I have no words right now that will begin to express the feelings running throughout my soul. How can I ever begin to explain the hole I feel in my life. It’s like half of me is gone and I don’t recognize what is left.
Questions
Will, there be a time when this new life that has been thrust upon me makes sense? How can I share this journey through grief so that someone else may be blessed? What words can I speak so that others will understand that even in their tragedy something beautiful can happen? So, God, it’s me again asking for your help, inspiration, and guidance.
You are Here
Some days my faith is as small as a mustard seed and I can’t imagine how this will all work out for my good. However, I know that my life would not be the same if I didn’t believe you were here taking care of me. I have this hope that you are near, trust that you are here and that you will make good things from all this tragedy. One day when I recall a memory it won’t come with such a sting. My hope is that it will give me a warm fuzzy feeling and remind me how blessed I was to have had such a loving husband.
Not Ok
When I wake up each morning I try to remember to thank God for the gift of a new day. I wish I could say that comes easy every morning, but I’d be lying.
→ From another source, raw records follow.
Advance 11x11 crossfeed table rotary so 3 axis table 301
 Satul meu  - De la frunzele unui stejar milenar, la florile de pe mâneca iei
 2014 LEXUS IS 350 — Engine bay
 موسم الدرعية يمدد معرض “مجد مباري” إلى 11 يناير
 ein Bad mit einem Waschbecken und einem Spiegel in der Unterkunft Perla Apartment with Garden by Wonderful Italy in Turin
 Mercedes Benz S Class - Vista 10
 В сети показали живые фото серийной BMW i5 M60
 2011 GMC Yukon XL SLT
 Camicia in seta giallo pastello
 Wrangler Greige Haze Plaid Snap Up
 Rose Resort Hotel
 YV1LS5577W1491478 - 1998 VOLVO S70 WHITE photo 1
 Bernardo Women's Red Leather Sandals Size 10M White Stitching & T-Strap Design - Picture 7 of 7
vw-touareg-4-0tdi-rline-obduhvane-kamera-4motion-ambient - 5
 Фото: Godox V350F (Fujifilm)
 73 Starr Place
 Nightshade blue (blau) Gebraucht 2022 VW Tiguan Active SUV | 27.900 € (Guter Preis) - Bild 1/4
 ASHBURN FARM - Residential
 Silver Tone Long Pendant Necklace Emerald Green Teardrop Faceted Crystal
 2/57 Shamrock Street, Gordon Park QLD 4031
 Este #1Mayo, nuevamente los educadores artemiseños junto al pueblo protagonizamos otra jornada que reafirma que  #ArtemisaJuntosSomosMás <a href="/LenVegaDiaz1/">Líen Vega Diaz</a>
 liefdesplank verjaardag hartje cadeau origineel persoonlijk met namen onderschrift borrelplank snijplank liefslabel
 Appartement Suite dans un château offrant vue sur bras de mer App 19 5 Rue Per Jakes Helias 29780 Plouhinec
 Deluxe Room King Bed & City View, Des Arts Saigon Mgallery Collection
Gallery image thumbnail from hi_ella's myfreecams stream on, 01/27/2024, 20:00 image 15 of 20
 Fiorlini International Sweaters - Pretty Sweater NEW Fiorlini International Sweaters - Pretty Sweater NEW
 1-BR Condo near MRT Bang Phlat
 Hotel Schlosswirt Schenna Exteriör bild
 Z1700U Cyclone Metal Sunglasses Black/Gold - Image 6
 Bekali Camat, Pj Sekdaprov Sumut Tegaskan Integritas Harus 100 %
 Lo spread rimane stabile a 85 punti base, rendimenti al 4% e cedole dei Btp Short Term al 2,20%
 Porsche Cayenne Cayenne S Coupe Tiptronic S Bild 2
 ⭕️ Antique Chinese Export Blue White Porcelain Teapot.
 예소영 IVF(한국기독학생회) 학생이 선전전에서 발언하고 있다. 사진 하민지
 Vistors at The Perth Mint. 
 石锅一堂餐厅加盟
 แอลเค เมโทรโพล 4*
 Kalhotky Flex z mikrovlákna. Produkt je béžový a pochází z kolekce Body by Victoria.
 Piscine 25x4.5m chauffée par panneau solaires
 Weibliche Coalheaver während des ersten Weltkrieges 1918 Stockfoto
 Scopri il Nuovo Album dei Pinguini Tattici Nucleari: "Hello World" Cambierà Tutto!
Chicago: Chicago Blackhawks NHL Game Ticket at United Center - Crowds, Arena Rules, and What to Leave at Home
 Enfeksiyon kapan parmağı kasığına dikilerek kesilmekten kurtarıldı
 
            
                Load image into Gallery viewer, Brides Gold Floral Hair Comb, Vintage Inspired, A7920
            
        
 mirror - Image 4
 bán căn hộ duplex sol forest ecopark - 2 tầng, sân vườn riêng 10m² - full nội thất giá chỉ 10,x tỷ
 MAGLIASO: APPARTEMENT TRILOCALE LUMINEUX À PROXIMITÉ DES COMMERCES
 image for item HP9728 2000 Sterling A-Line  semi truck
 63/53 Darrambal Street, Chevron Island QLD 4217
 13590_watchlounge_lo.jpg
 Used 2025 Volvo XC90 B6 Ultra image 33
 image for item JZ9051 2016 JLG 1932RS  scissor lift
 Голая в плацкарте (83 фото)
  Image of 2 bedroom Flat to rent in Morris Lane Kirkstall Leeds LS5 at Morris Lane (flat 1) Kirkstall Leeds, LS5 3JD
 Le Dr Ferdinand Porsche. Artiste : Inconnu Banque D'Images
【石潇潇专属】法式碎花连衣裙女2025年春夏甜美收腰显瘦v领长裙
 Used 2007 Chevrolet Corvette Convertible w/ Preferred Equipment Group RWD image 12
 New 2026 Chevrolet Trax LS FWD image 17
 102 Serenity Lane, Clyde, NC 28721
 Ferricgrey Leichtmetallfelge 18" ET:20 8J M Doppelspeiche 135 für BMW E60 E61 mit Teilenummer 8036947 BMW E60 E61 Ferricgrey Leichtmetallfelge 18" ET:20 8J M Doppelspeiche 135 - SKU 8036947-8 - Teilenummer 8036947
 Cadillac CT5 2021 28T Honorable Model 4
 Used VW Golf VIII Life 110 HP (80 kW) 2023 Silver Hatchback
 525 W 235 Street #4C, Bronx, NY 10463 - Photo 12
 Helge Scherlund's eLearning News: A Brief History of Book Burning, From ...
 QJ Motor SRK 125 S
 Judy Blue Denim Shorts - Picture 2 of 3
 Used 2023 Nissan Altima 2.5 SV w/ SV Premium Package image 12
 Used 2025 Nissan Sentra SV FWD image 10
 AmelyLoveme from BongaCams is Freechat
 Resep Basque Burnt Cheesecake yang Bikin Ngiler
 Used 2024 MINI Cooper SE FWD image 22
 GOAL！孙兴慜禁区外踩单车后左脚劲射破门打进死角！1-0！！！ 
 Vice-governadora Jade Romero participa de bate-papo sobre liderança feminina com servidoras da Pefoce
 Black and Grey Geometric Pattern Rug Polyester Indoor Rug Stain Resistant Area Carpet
Some days start out ok until I realize that I have made so many decisions these last 18 months. Decisions I never imagined I’d be making on my own. Then the anger creeps in, anger at Tom not taking better care of himself, me not realizing something was wrong, and staying home that day and at God for allowing him to die. Why now, I ask, and why so soon? Up until now, I’ve never allowed myself to think those questions let alone ask them out loud.
Finding Peace
Oh, yes so many days are filled with searching for that inner peace that comes from Jesus. But the anger, guilt, frustration, and sadness blocks that presence. I search for you in the quiet moments of my day, or when I sit and watch the waves pound the shore, and still you are silent. How can it be that when I need you the most it feels like you have forgotten my sorrow? Yet, deep down inside I know that is not true. I know you will never forget nor will you forsake me. It’s my grief that is so overwhelming I can’t see or hear much. Your words can often spring forth in my spirit, but they seem so jumbled I can’t sort them out. But there is a part of me that knows you are near and if I pause I can feel that presence long enough that peace soon follows and the confusion ends for a little while.
All is not lost
It’s when I look around and allow myself to go outside my grief, I can see the blessings that have come my way. If I reflect on those blessings then I can see that all is not lost. I once again can see and believe that God is watching over me, protecting me, guiding my steps, and giving me his peace. That is when I say, hello God it’s me again, seeking to be close to you. Remind me that I am a good person with a kind heart.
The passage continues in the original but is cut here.